Keywords: Chata edulis, digestibility, goat, supplementation, Vernonia amygdalina, weight gain


Ethiopia is well known for its diverse and large livestock population in Africa being a home to about 33 million goat and 31 million sheep (CSA 2017). Goats (Capra hircus) are found across all agro-ecological zones and are suitable for very extensive to highly mechanized production systems (Wilson 1992). Goat breed are mainly kept by pastoral and small holder farmers for multiple purpose role in various part of Ethiopia.

Many studies agreed that insufficient and poor quality feed, particularly during the dry season, is one of the most important constraints to livestock feeding system in Ethiopian (Adunga et al 2000; Shapiro et al 2015). Although different reports showed some variation on the contribution, the major feed resources of the country indicated were natural pasture/green fodder (54.6%), crop residues (31.6%), hay (6.81%), industrial by products (1.53%) and very small amount of improved forages (0.31%), while non – conventional feeds accounted for about 5.11% (Adunga et al 2000; Shapiro et al 2015). Natural pasture and crop residue have shown remarkable seasonality in yield and quality and lack the critical nutrients that support animal growth particularly during dry season. Whereas, concentrates use is limited by cost, low supply and accessibility.

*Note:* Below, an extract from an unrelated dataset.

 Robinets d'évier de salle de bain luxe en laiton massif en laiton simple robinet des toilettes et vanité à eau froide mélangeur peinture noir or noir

To progress this feed problem, initiating the use of indigenous non-conventional feed would be considered as an excellent option. Khat leftover is among non – conventional feed which have been widely used especially by resource poor household. Khat (Chata edulis) is a cash crop where its leftover is used by sheep and goats. Reported annual production of khat in 2019 was about 274,777 tons (CSA 2019). A few feeding trial showed that khat can be a good source of feed except its low CP content (Mohammed 2005; Yoseph 2007; Misganew et al 2012). So if its nutritive value can be improved through cheap protein source multipurpose tree like vernonia, khat leftover scattered everywhere can be changed from compound pollution to feed shortage solution.

Vernonia amygdalina, locally known as “Girawa”, is among multipurpose trees which rapidly grow and regenerate. It is drought tolerant plant and grows under a range of ecological zones in Africa and produces a larger mass of forage (Bonsi et al 1995). There are some studies that suggested different rate of Vernonia amygdalina supplementation to improve feed intake and growth performance of sheep and goat. Abegunde et al (2017), Fajemisin et al (2010) and Gezahegn et al (2020) suggested better intake and growth performance when Vernonia amygdalina leaf meal inclusion in concentrate diet not exceeding 10%, 50% and 75% respectively. However, Aynalem and Taye (2008) reported positive effect of Vernonia amygdalina supplementation on live weight gains of lambs and suggested for more research on higher level of inclusion. In addition to the different view on level of Vernonia amygdalina inclusion, there is also no study on the effect of Vernonia amygdalina supplementation on khat leftover. Therefore, this study was conducted with the objective of evaluating effects of different levels of dried Vernonia amygdalina leaf supplementation on feed intake, digestibility and growth parameters of Somali goats fed Catha edulis leftover as a basal diet.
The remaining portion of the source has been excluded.